IM NAMEN DER REPUBLIK!

Das Bundesverwaltungsgericht hat durch die Richterin Mag.a JICHA als Vorsitzende und den Richter Dr. DIEHSBACHER sowie den fachkundigen Laienrichter RR PHILIPP als Beisitzer über die Beschwerde von XXXX gegen den Bescheid des Sozialministeriumservice Landesstelle XXXX vom 16.06.2020, Zahl: OB XXXX , betreffend Abweisung des Antrags auf Vornahme der Zusatzeintragung "Unzumutbarkeit der Benützung öffentlicher Verkehrsmittel wegen dauerhafter Mobilitätseinschränkung aufgrund einer Behinderung" in den Behindertenpass, in nicht öffentlicher Sitzung zu Recht erkannt:

A)

In Erledigung der Beschwerde wird der angefochtene Bescheid gemäß § 28 Abs. 2 und Abs. 5 Verwaltungsgerichtsverfahrensgesetz (VwGVG) behoben.

B)

Die Revision ist gemäß Art. 133 Abs. 4 B-VG nicht zulässig.


Text


Entscheidungsgründe:

I.       Verfahrensgang:

1.1.    Die Beschwerdeführerin stellte am 27.04.2020 einen Antrag auf Ausstellung eines Behindertenpasses, sowie für den Fall, dass die Aktenlage die Vornahme von Zusatzeintragungen rechtfertige, die Aufnahme der entsprechenden Zusatzeintragungen in den Behindertenpass (AZ 2.6-2.14).

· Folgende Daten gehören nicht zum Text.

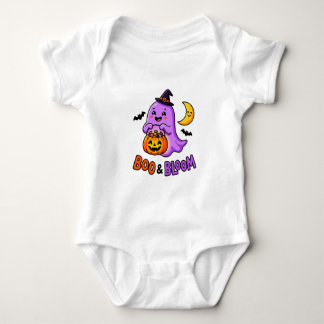 Boo Bloom Ghost Halloween T Shirt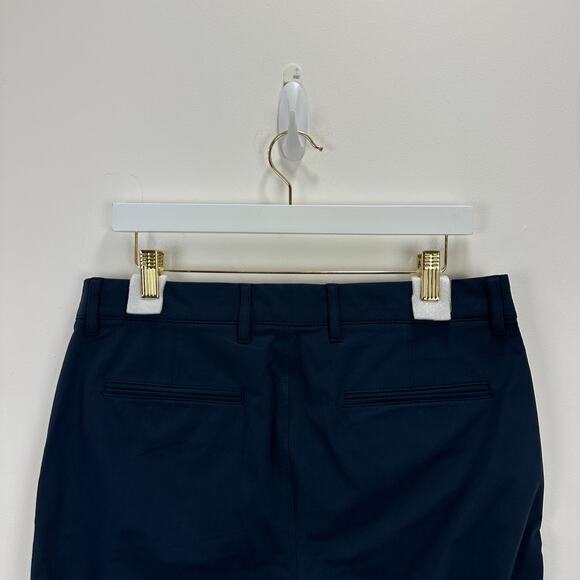 J.Crew 484 Slim Fit Tech Pant Stretch Comfort Navy Blue Mens W32 L34 NWT - Picture 11 of 13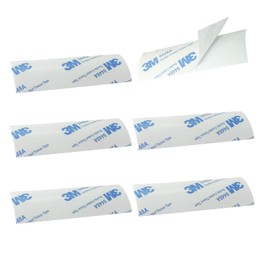 Kowibcl 6 Sets Horizontal Blinds Replacement Slats, White Horizontal Blind Repair Tabs, White Blind Fixers for Horizontal Blinds Replacement Slats & Parts(1" W x 3" L)，White, not Transparent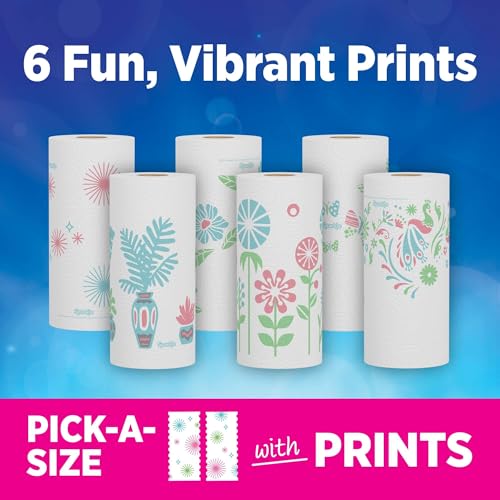 Sparkle Pick-A-Size Paper Towels, Spirited Print Design, 6 Double Rolls (660 Sheets Total) - Strong 2-Ply Towels for Kitchen Cleanup and Everyday Messes - Image 6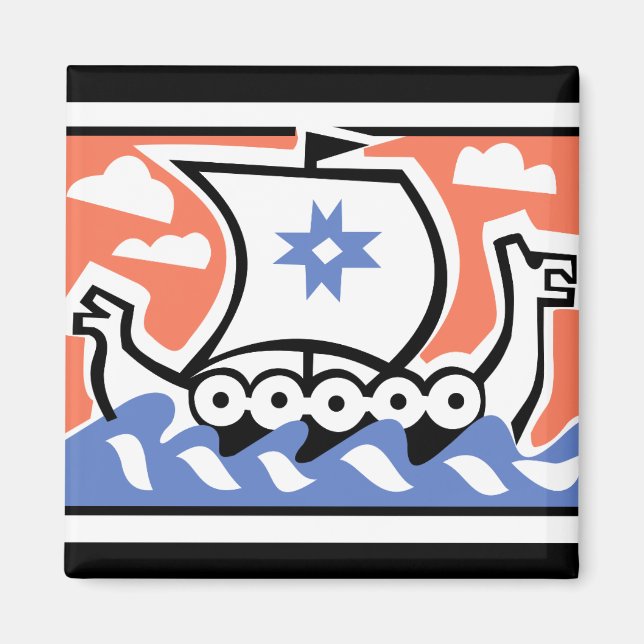 Imán Viking Longboat (Frente)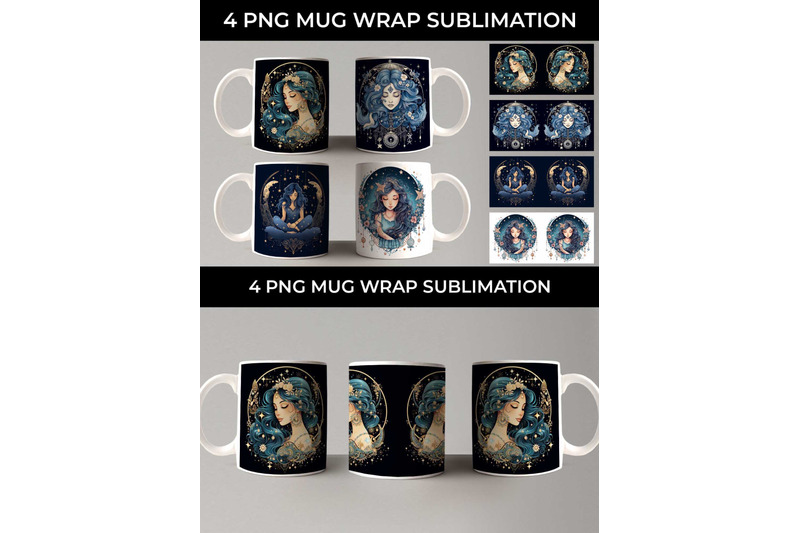 luna-boho-goddess-enchanting-mug-wrap-sublimation-bundle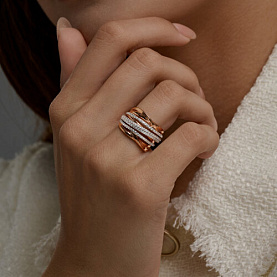 Кольцо SOKOLOV - Серебро 925, Фианит (арт. 94014851)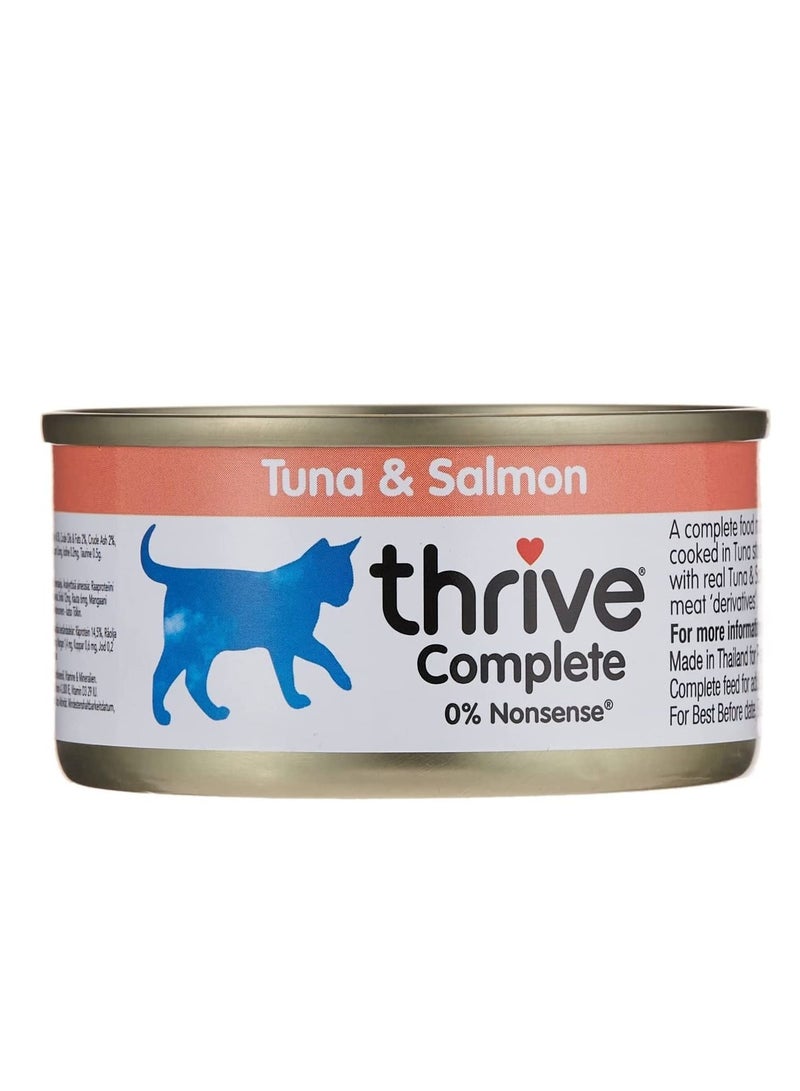 THRIVE Complete Tuna And Salmon Cat Wet Food 75g - Image 1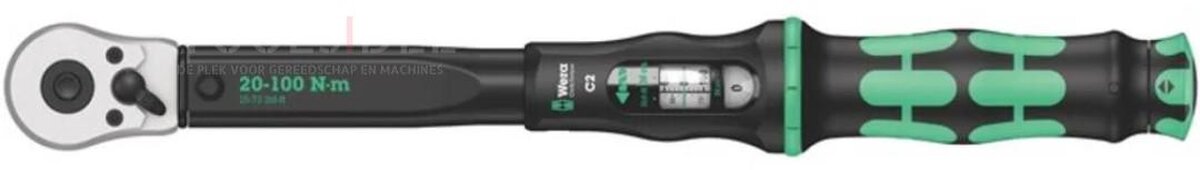 Wera Click-Torque Drehmomentschlüssel 1/2 Zoll 20-100 Nm Wera Click-Torque Drehmomentschlüssel 1/2 Zoll 20-100 Nm
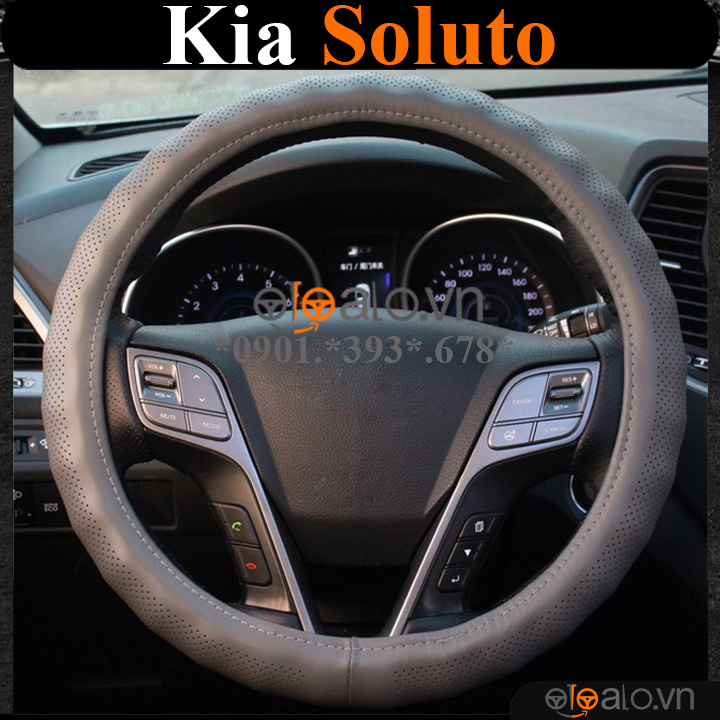 Bọc volang xe Kia Soluto da PU cao cấp - OTOALO Bọc volang xe Kia Soluto da PU cao cấp - OTOALO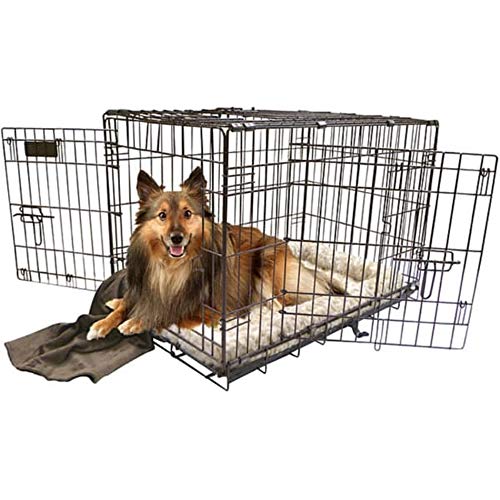 PRECISION PET PRODUCTS TWO DOOR GREAT CRATE WIRE DOG CRATE - MULTI/BLACK - Brand New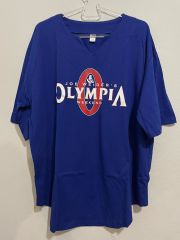 OLYMPİA OVERSİZE T-SHIRT (RENKLİ) Mavi - Large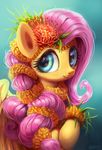  2017 equine feathered_wings feathers female feral fluttershy_(mlp) friendship_is_magic hair long_hair mammal my_little_pony pegasus smile solo sorcerushorserus wings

1.2.    Mit verfahrensgegenständlichem Bescheid des SMS vom 16.06.2020, Zahl: XXXX , wurde der Antrag der Beschwerdeführerin vom 27.04.2020 gemäß §§ 42 und 45 BBG abgewiesen, da bei der Beschwerdeführerin die Voraussetzungen für die Vornahme einer Zusatzeintragung nicht vorlägen (AZ 2.21).

2.       Die belangte Behörde legte dem Bundesverwaltungsgericht [BVwG] am 27.08.2020 die Beschwerde samt Auszügen aus dem Verwaltungsakt in elektronischer Form vor (Ordnungszahl des gegenständlichen Gerichtsaktes OZ 1 [=AZ 1.1-1.2, 2.1 -2.21, 3.1-2.23]).

2.1.    Mit Schreiben vom 29.09.2020 erklärte die Beschwerdeführerin, sie „möchte den kompletten Behindertenpass zurückziehen und wünsche keine weitere Bearbeitung durch das Sozialministeriumservice bzw. durch das Gericht“ (OZ 3).

II.      ad A) Das Bundesverwaltungsgericht hat erwogen:

1.       entscheidungswesentliche Feststellungen

1.1.    Am 27.04.2020 stellte die die Beschwerdeführerin ua einen Antrag auf Vornahme der Zusatzeintragung "Unzumutbarkeit der Benützung öffentlicher Verkehrsmittel wegen dauerhafter Mobilitätseinschränkung aufgrund einer Behinderung".

1.2.    Diesen Antrag zog die Beschwerdeführerin mit Schreiben vom 29.09.2020 zurück.

1.3.    Eine Entscheidung in der Sache ist bis dato nicht ergangen.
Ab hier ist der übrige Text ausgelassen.